Fill greased or paper-lined muffin cups half full. Sprinkle each with 1 tablespoon of chopped pecans and sprinkle with cinnamon-sugar.
Bake at 375°F for 18-22 minutes or until a toothpick inserted in muffins comes out clean.
Cool in the pan 10 minutes before removing to a wire rack. Serve warm.
Swirled Pumpkin Yeast Bread
This is a large volume dough and if you do not have a heavy-duty large capacity mixer, you will have to make the dough by hand or cut the ingredients in half to make one loaf.

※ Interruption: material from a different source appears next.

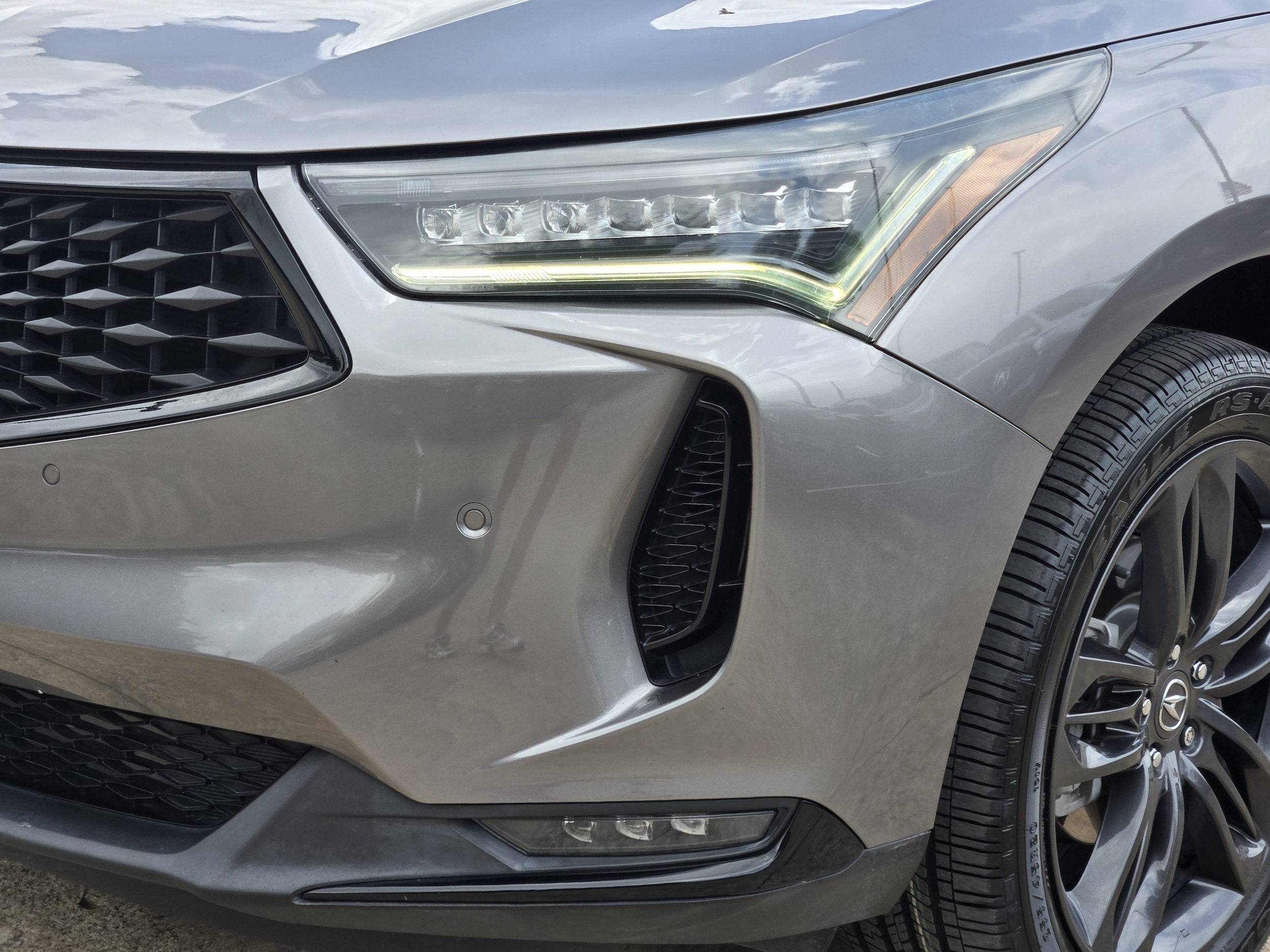 2023 Acura RDX A-Spec Package - Photo 9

4-1/2 to 5 cups all-purpose flour
3 cups whole wheat flour
2 cups quick-cooking oats
2/3 cup packed brown sugar
2-1/2 teaspoons pumpkin pie spice
1-1/2 teaspoons salt
1 teaspoon granulated sugar
2 packages (1/4 ounce each) active dry yeast
1-1/2 cups warm water (120° to 130°)
1 cup canned pumpkin
1/3 cup unsweetened applesauce
1/3 cup canola oil
2 eggs, lightly beaten
1/4 cup butter, softened
1/2 cup packed brown sugar
1 teaspoon ground cinnamon
In a large bowl of an electric mixer, combine 2 cups all-purpose flour, the whole wheat flour, oats, brown sugar, pumpkin pie spice, salt, sugar and yeast.
Beat in the warm water, pumpkin, applesauce and oil just until moistened.

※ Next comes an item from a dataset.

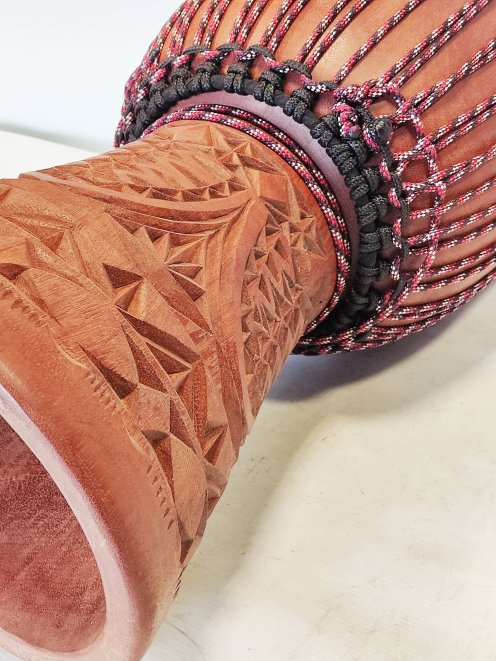 Spitzenklasse Djembe - Top Mali Djembe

Add eggs; beat until smooth. Stir in enough remaining all-purpose flour to form a firm dough.
Turn onto a lightly floured surface; knead until smooth and elastic,about 6-8 minutes or knead in your mixer.
Place the dough in a greased bowl, turning once to grease the top. Cover and let rise in a warm place until doubled, about 1 hour.
Punch dough down. Turn onto a lightly floured surface; divide in half. Roll each portion into an 12-inch x 9-inch rectangle and brush with the softened butter to within 1/2 in. of edges.
Combine the brown sugar and cinnamon and sprinkle over both doughs. Roll up jelly roll style, starting with the short side and pinch seam to seal.
Place seam side down in two greased 9-in. x 5-in. loaf pans. Cover and let rise until doubled, about 30 minutes.
Bake at 350°F for 45-50 minutes or until golden brown. Cool for 10 minutes before removing from pans to wire racks.
This is a great bread to serve with your favorite soup.
2 large loaves
2 teaspoons instant yeast
1 cup sourdough starter
1 1/4 cups water
3/4 cup milk
1 tablespoon olive oil
1 tablespoon kosher salt
6 cups unbleached All-Purpose flour
Mix the yeast with the flour.
In an electric mixer bowl combine the milk, olive oil and salt with the paddle attachment. Stir in the flour, a cup at a time, until you have a dough the consistency of drop-cookie batter.
Switch to the dough hook and knead, adding more flour as necessary, until the dough is smooth and satiny.
Place the dough in an oiled bowl and cover with plastic wrap or a damp towel. Place the bowl in a warm spot and let the dough rise, undisturbed, about 2 hours, or until doubled in size.
Punch the dough down and turn it onto a lightly floured work surface. Knead the dough gently and divide it into two pieces.
Form the loaves into torpedo shapes, and place each loaf on a parchment-lined baking sheet. With a serrated knife, make three slashes in the tops of the loaves, each 1/2-inch deep.
Cover with a damp towel.
Let the loaves rise until they look puffy. This should take approximately 30 minutes. While the loaves are rising, preheat the oven to 425°F.
Brush or spray the loaves with water; a plant mister is good for this job. Bake for 10 minutes, spraying the loaves with water two more times.
Lower the oven to 375°F and bake for an additional 25 minutes.